Shared:  Resources are provided by FASRC and are distributed evenly amongst the various lab groups. 

  • Access: All PI groups. 
  • Scheduling: Fairshare, see https://www.rc.fas.harvard.edu/fairshare/ for more details. 
  • Queue/Partition name: shared, general, bigmem, test 
  • Features: 7-day maximum time limit, non-exclusive nodes, multi-node parallel 
  • Cost: $0.0184 per CPU Hour, $0.0661 per GPU Hour.  See Billing FAQ for more details.

Dedicated: Resources are provided by Centers, Departments, or PIs 

  • Access: Restricted PI groups from Center/Department/Lab. 
  • Scheduling: Fairshare, see https://www.rc.fas.harvard.edu/fairshare/ for more details. 
  • Queue/Partition name: pi_name or center name (e.g. huce) 
  • Features: unlimited maximum time limit, non-exclusive nodes, multi-node parallel 
  • Cost: $0.0029 per CPU Hour.  See Billing FAQ for more details.
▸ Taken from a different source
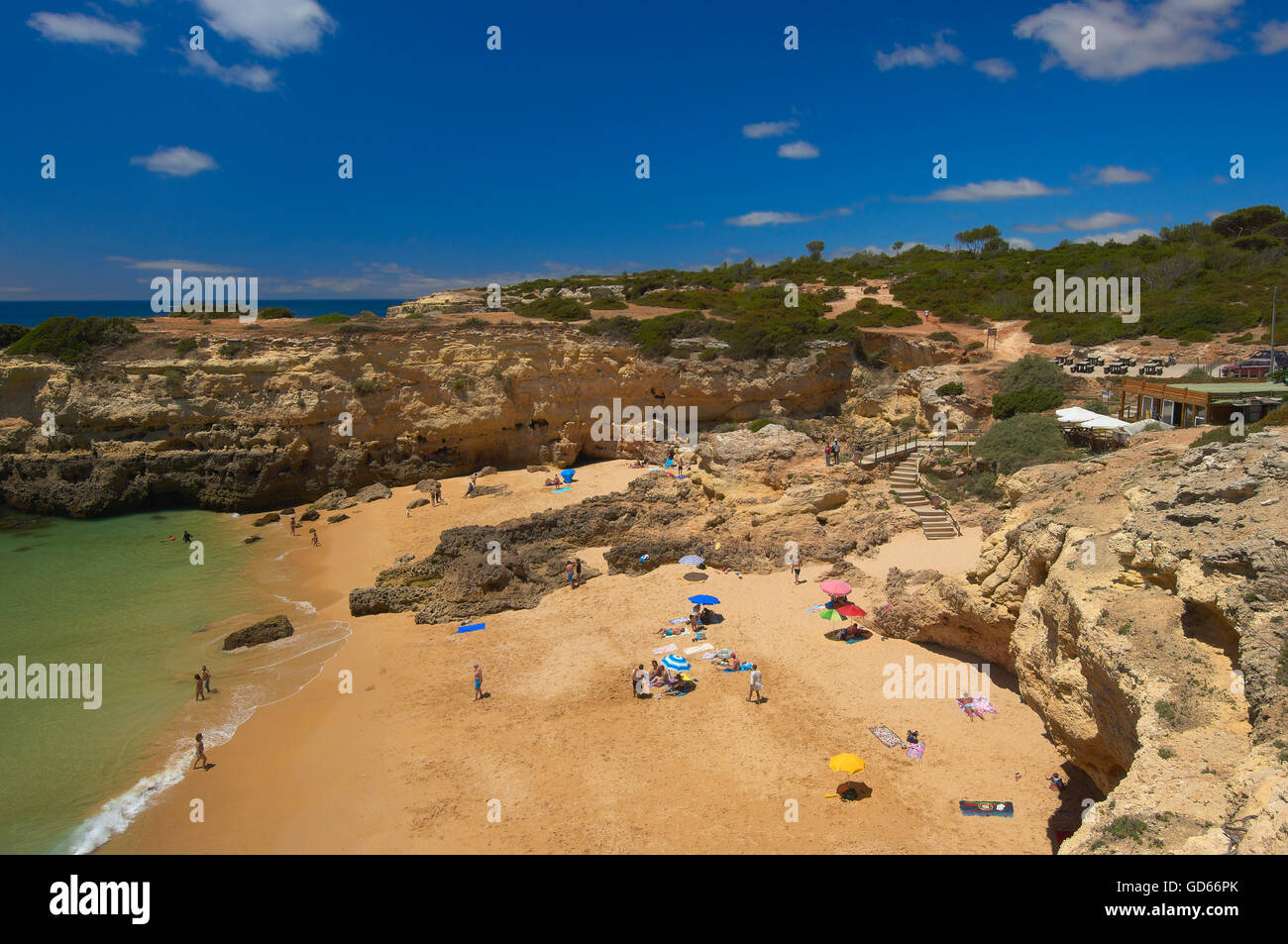 Praia do Albandeira, plage Albandeira, Armacao de Pera, Algarve, Portugal, Banque D'Images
Backfill: Users have the ability to utilize unused parts of the dedicated queues. 

  • Access: All PI groups. 
  • Scheduling: Fairshare, see https://www.rc.fas.harvard.edu/fairshare/ for more details. 
  • Queue/Partition name: serial_requeue, gpu_requeue 
  • Features: 3-day time limit, preemption (requeue), non-exclusive nodes, 8 cores max per job, single node 
  • Cost: $0.0029 per CPU Hour.  See Billing FAQ for more details.